Communicate openly, directly.
You probably already know this by now, but communication is key in any stage of relationship-and parenthood is certainly no exception. "Partners need to communicate and strategize together, join forces by thought sharing, processing feelings, and considering options," says Mayra Mendez, PhD, LMFT, and licensed psychotherapist at Providence Saint John's Child and Family Development Center in Santa Monica, California.
Give yourself permission to feel overwhelmed and stress.
It's normal to feel completely overwhelmed-it's part of being a parent-but what matters is how you respond to feeling this way. "Think about what it takes to be your best you," says Karen Ruskin, LMFT, psychotherapist, and author of Karen's Marriage Manual. "Think about how you respond verbally, physically, emotionally to all the people in your life and to yourself when it comes to stress and try your best to take healthy approaches whenever possible."

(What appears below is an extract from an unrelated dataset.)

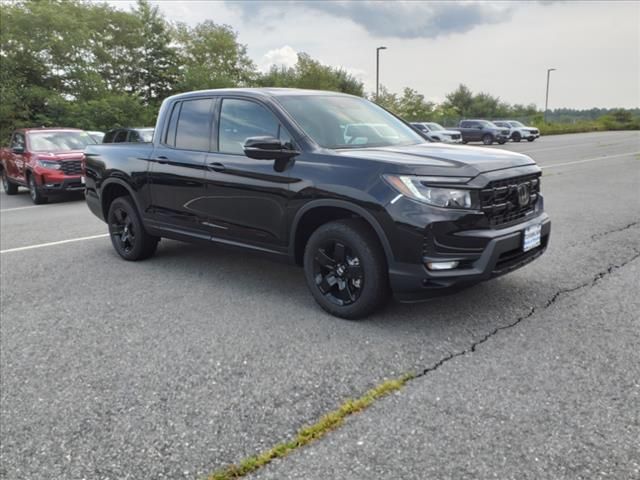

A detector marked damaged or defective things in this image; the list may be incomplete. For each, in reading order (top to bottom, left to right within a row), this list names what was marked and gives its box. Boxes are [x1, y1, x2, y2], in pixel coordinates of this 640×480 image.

cracked asphalt pavement [1, 132, 640, 480]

Show respect for one another.
Even when you've had a hard day-and there will be hard days during pregnancy and parenthood-be consciously mindful of showing respect to your partner who's in this with you. "Show your partner with words and actions each day that you value and appreciate them as a parenting partner," says Dr. Ruskin. And don't forget to do the same for your baby once she makes her debut. "Babies and infants feel your behavior, your words and your inflection, so don't forget to show her you appreciate that she is your child."

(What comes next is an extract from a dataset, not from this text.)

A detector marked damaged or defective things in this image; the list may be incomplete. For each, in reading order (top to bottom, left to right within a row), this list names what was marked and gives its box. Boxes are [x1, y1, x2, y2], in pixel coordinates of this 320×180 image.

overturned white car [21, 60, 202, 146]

Whether it's keeping track of feedings or stocking the diaper-changing station, staying organized will help you manage parenthood together. "A baby brings on added levels of stress financially and in terms of time management, housing and care of the baby," says Dr. Mendez. "Staying organized and as on top of tasks as possible can significantly bring down stress levels and contain the experiences of feeling overwhelmed."
Connect with resources.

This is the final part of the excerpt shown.